There were people who actually re-ran the (lengthy) configure step because the darn thing was that funny.

shap’s picture

Back on topic...

The overwhelming majority of what I (seem to) need to do is going to require SQL-level updates in any case. Perhaps I'm fighting city hall, and I should just consider doing all of the preconfiguration somewhere else and preloading the database. I don't really want to do that, because it isn't real robust against version updates.

Let me try the hack of using elinks to poll drupal. Looking at the initialization script, it does appear that doing that might work.

What a kludge!

shap’s picture

The following, thoroughly disgusting bit of python code did the trick:

#!/usr/bin/python
import sys
import urllib2
import urllib

from urllib2 import build_opener, HTTPCookieProcessor, Request
from urllib import urlencode

opener = build_opener(HTTPCookieProcessor)

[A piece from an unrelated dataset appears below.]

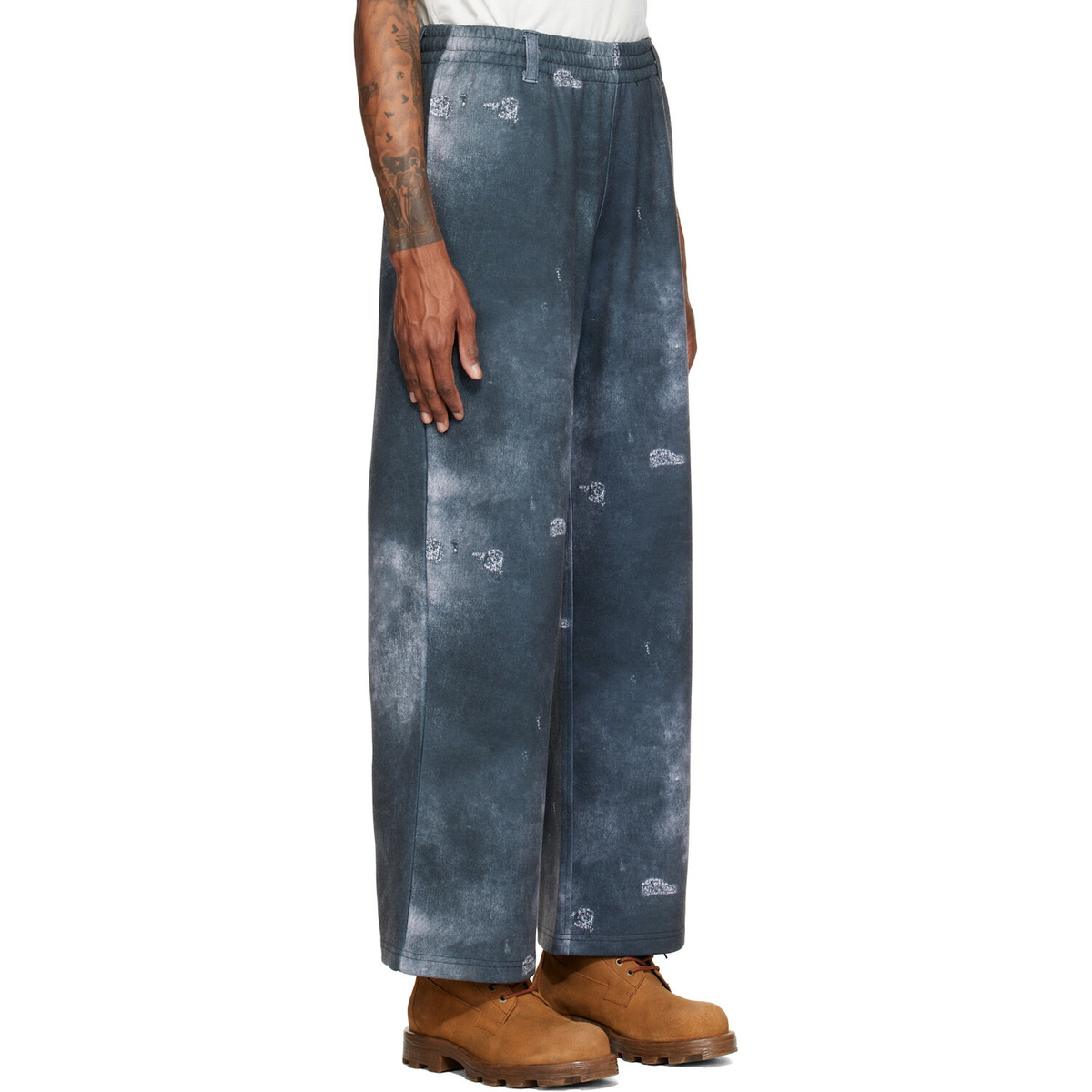 We11done Gray Trompe L'oeil Denim Printed Sweatpants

def urlopen2(url, data=None, user_agent='urlopen2'): 
     """Can be used to retrieve cookie-enabled Web pages (when 'data' is
     None) and to post Web forms (when 'data' is a list, tuple or dictionary
     containing the parameters of the form).
     """
     if hasattr(data, "__iter__"):
          data = urllib.urlencode(data)
     headers = {'User-Agent' : user_agent}
     return opener.open(urllib2.Request(url, data, headers))

print "Initializing to %s://%s:%s@localhost/%s" % (sys.argv[1], sys.argv[2], sys.argv[3], sys.argv[4])

reply = dict(db_type=sys.argv[1],
             db_path=sys.argv[2],
             db_user=sys.argv[3],
             db_pass=sys.argv[4],
             op="Save Configuration",
             form_id="install_settings_form")

#print urlencode(reply)

urlopen2("http://localhost/drupal/install.php?profile=default", reply)

It is invoked as

initdrupal.py mysql dbname user password

Just goes to show that what can be done by one programmer can be reversed by another.

Obviously, this can be improved on quite a bit, but it isn't a bad start.

-- shap (who is old enough to remember rogue-o-matic and sesruc)

pbarnett’s picture

Hi.

I'm simultaneously appalled and impressed :-)

Let's hear it for the command line!

-- Pete. (whose first programming language was PDP-11 macro assembler)

shap’s picture

you should see the installation profile that I have mostly built. This was all so incredibly painful that I am going to write it up in detail once I finish getting it debugged.